A large safe stolen in a burglary of Black Drug Store on South Kansas Avenue was recovered a week after its disappearance in the Beaver River under a bridge on Highway 94, about 13 miles south of Hooker, Okla.
“The safe, spotted under water by highway maintenance workers, had contained about $1,000 in cash and checks and an estimated $200 worth of narcotics when hauled out the rear of the store by a winch truck,” the Southwest Daily Times reported. A cutting torch was used to cut a hole in the base of the safe’s door. Sheriff George Sharp said the safe had been damaged so much that they couldn’t open it right away to figure out what was missing.
“Some of the checks and a small amount of money was thought to have been in the bottom portion or the safe where it would have been accessible through the hole,” the Times said. “However, officers are working to open the large metal box to search through the various metal compartments to fully determine the loss. Also a small amount of narcotics are visible through the hole in the door.”
An enthusiastic but troubled Liberal High School junior selling magazines as a class money project not long ago popped into then Principal H.E. Malin with a problem and a rather unusual request.
“Mr. Malin, I need a letter from you proving I’m really a high school junior,” she said.
Malin quickly drafted and signed a statement for Susie Hand to carry, assuring potential customers that the 5 foot, 35-year-old housewife and mother of three children was indeed a member of good standing of the junior class, which numbered about 180 students.
“Anyone who has watched progress of Mrs. L.F. Hand during the past seven months of school doesn’t need a letter,” the Times asserted. “Susie has proved the hard way that she is in dead earnest about completing her high school education.” Susie’s classmates included her daughter, Barbara, 17, also a junior and her son, Bill, 18, a senior.
“Susie recalls the assurance with which she quit school at the end of her sophomore year,” the Times reported.
“We were married three weeks before school was out,” Susie said. “I had to keep it a secret until I finished my sophomore term or they would have kicked me out of school. I thought then I had all the education I needed but in just three or four months I knew I was wrong.” She hastily added that she was never sorry about getting married.
“These kids and my husband talked me into going back to school and without their help in keeping the house running, I wouldn’t be able to do it,” she said. Susie’s husband, Lewis, was a well tester for Northern Natural Gas Co. The family moved to Liberal from Spearman, Texas in 1958.
“You can’t do anything now without an education. You can’t even raise kids right,” Susie said.

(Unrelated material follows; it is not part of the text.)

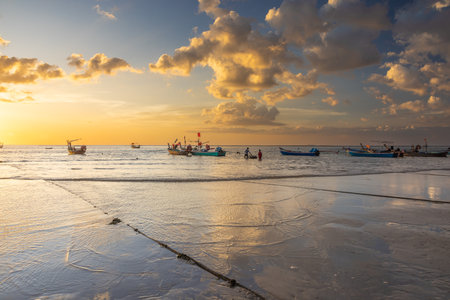 Late day lights at sunset on Naiyang Beach in the northwest of the island of Phuket in Thailand.の写真素材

She was disturbed in her return to the classroom to see so many youngsters “loafing” through school without taking it seriously.
“I try to tell them, but they can’t see what I’ve learned the hard way,” she said. She believed she had some influence on keeping two or three girls in school who were on the verge of dropping out. However, Susie wasn’t attending LHS to be an inspiration. The 35-year-old was clear that she was there to get an education. She said her toughest course to pick up after a lapse of 20 years away from the books was English.
Susie and her daughter Barbara took three of the same courses — but not at the same hour or from the same teachers.
“Naturally, we work together on homework,” Susie said.
Susie’s plans for higher education were uncertain.
“If, after she receives her diploma, the family is transferred to a college town, she has no doubt she would go to college,” the Times said. “If they stay in Liberal, she may try to commute to Panhandle A&M College at Goodwell, Okla., 50 miles away.”
“If I’m offered a scholarship, you can bet I’ll find a way to use it,” she said.